Arithmetic average refers to the sum of all data in a set of data divided by the number of data, which is an indicator reflecting the trend in data concentration. The formula is: average value = (a1+a2+…+an)/n.
3. Weighted average.
If n numbers x 1, x2, ... ……xn are w 1, w2, ... wn, then the weighted average of these n numbers is (x1w/+x2w2+...+xnwn)/(w/kloc). ...
An obvious advantage of the average value is that it can make use of the characteristics of all data and is relatively easy to calculate. In addition, in mathematics, the average value is a statistic that minimizes the sum of squares of errors, that is to say, using the average value to represent data can minimize the secondary loss.

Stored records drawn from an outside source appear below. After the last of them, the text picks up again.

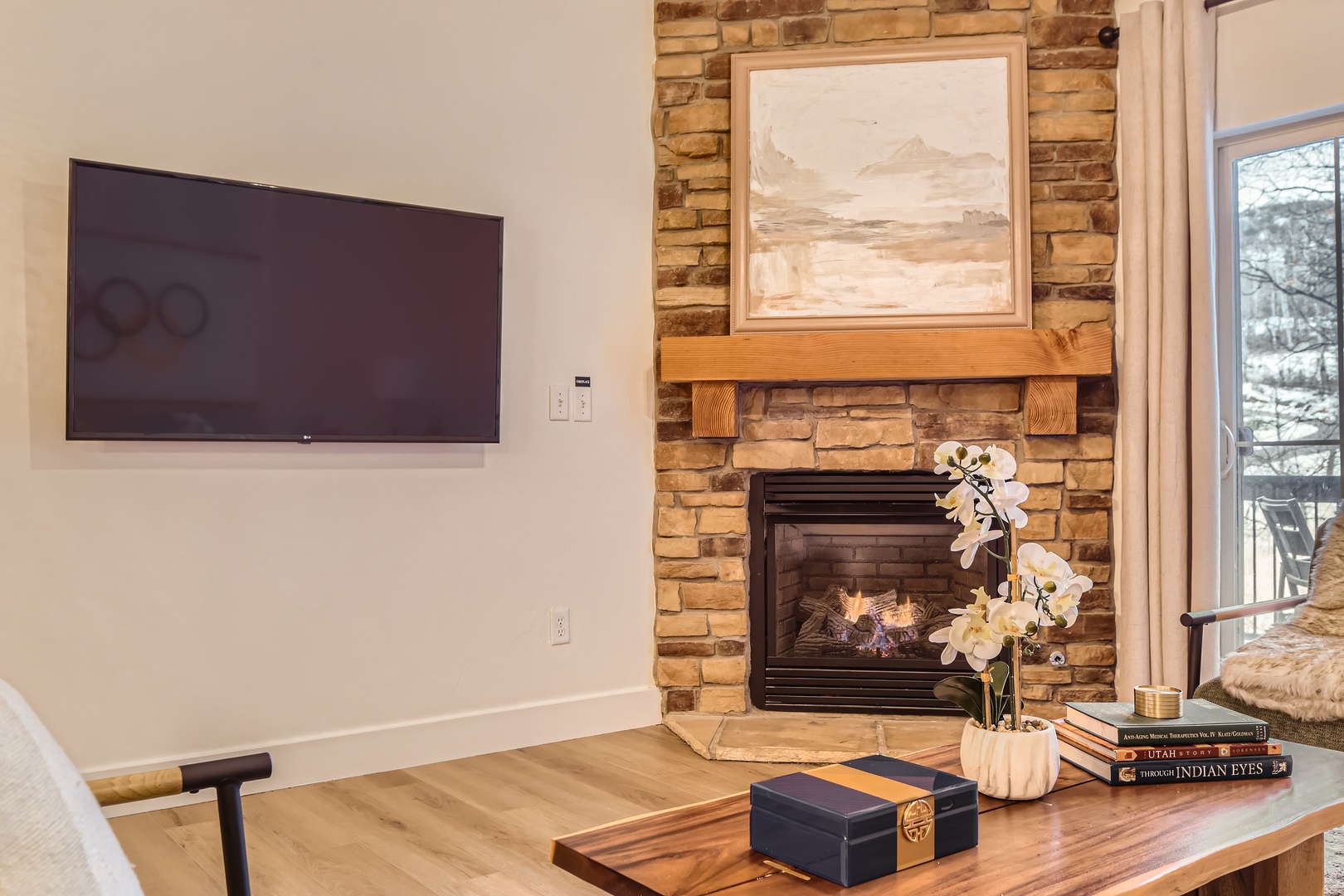Gather in this inviting living space where a warm stone fireplace and mountain views through large windows create your perfect après-ski retreat.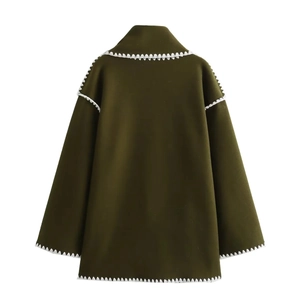 Detail of wool coat in dark army green featuring white wavy contrast stitched edges
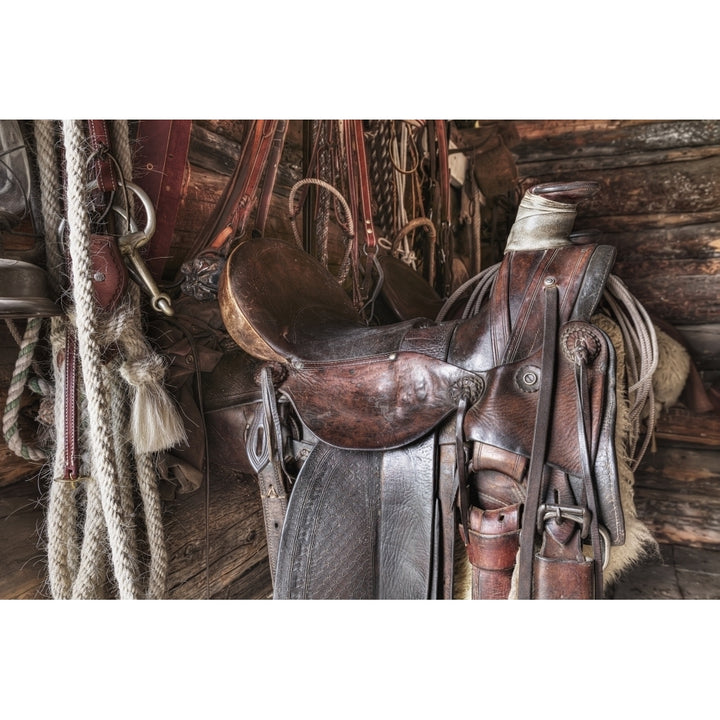 Saddle and horseback riding equipment at Bar U Ranch National Historic Site; Longview Alberta Canada Print Image 1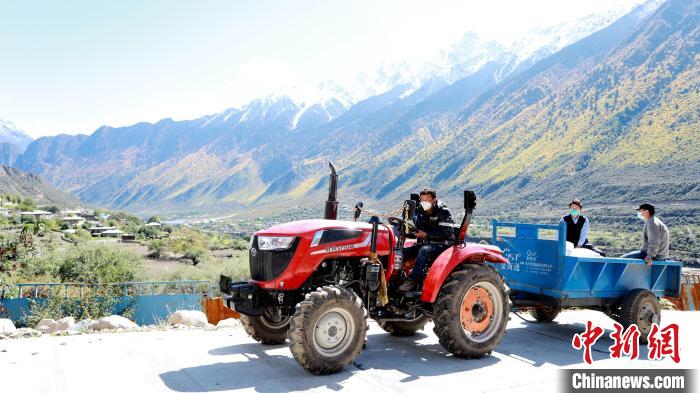 圖為工作人員將把加工完成的糌粑運(yùn)送至村民手中?！〖卫杩h融媒體中心供圖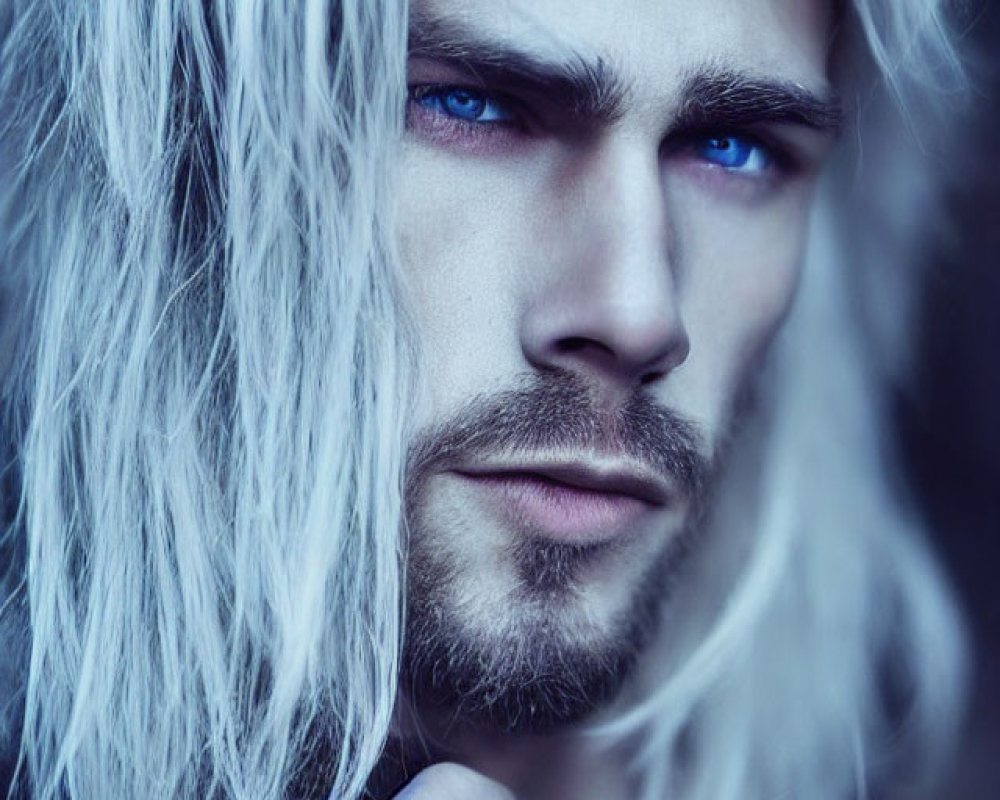 Portrait of person with striking blue eyes and long wavy white hair gazing at camera.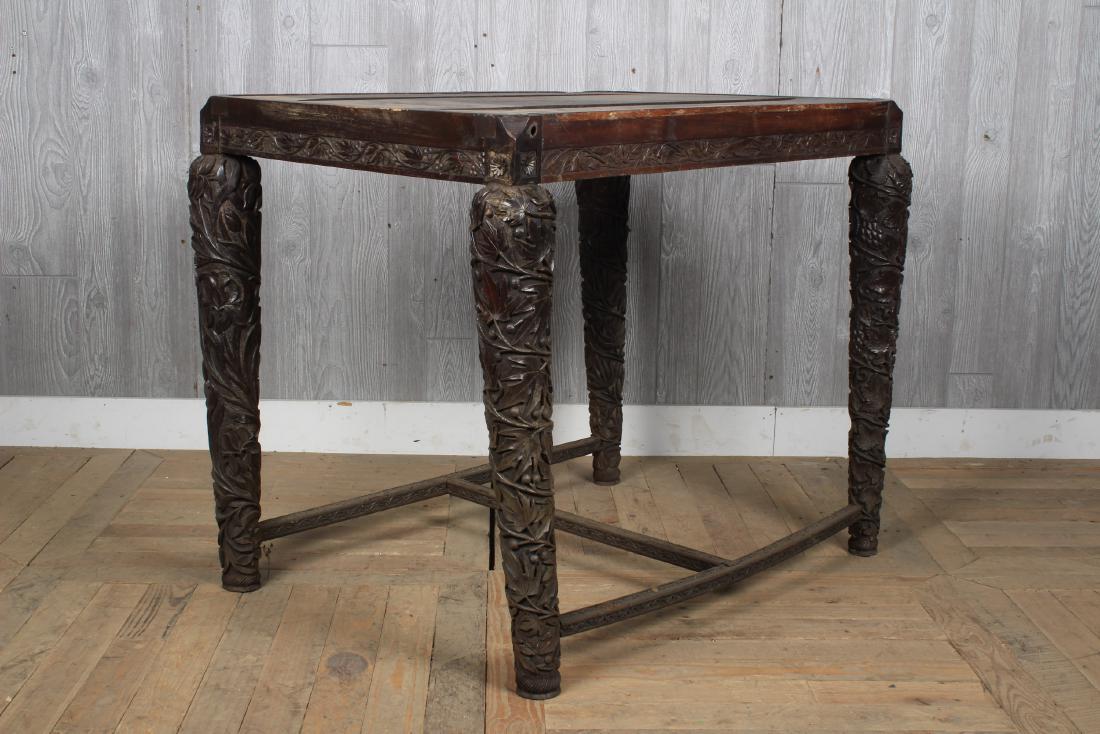 Carved Continental Table: A carved hard wood table (no top) with elaborately carved tapers legs. Size: 30.5" H x 36" W x 26" D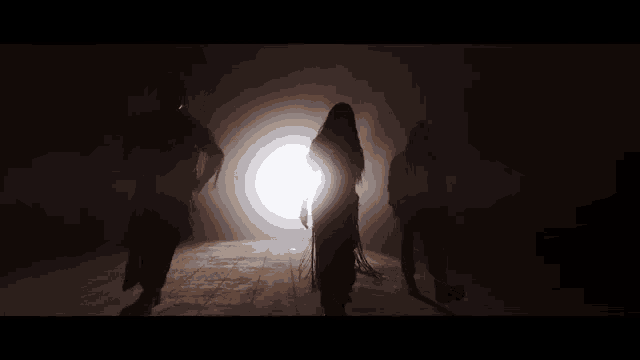 a group of people standing in the dark with a light behind them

Therefore, the average value is a commonly used statistic in mathematics. However, the average also has some disadvantages, precisely because it uses all the information of data, and the average is easily influenced by extreme data.
Special Description of Arithmetic Average
1, the weighted arithmetic mean is affected by two factors at the same time, one is the size of each group, and the other is the distribution frequency of each group. Under the condition of constant value, the more frequency a group appears, the greater the effect of the group's value on the average value, and vice versa.
Frequency plays an important role in weighted arithmetic average, which is also the significance of weighted arithmetic average.
2. Arithmetic average is easily influenced by extreme value. For example, there are the following data: 5, 7, 5, 4, 6, 7, 8, 5, 4, 7, 8, 6, 20. The average value of all data is 7. 1. In fact, most data (including 10) are less than 7. If 20 is removed, the remaining 10. It can be seen that the appearance of extreme value will interfere with the authenticity of the average value.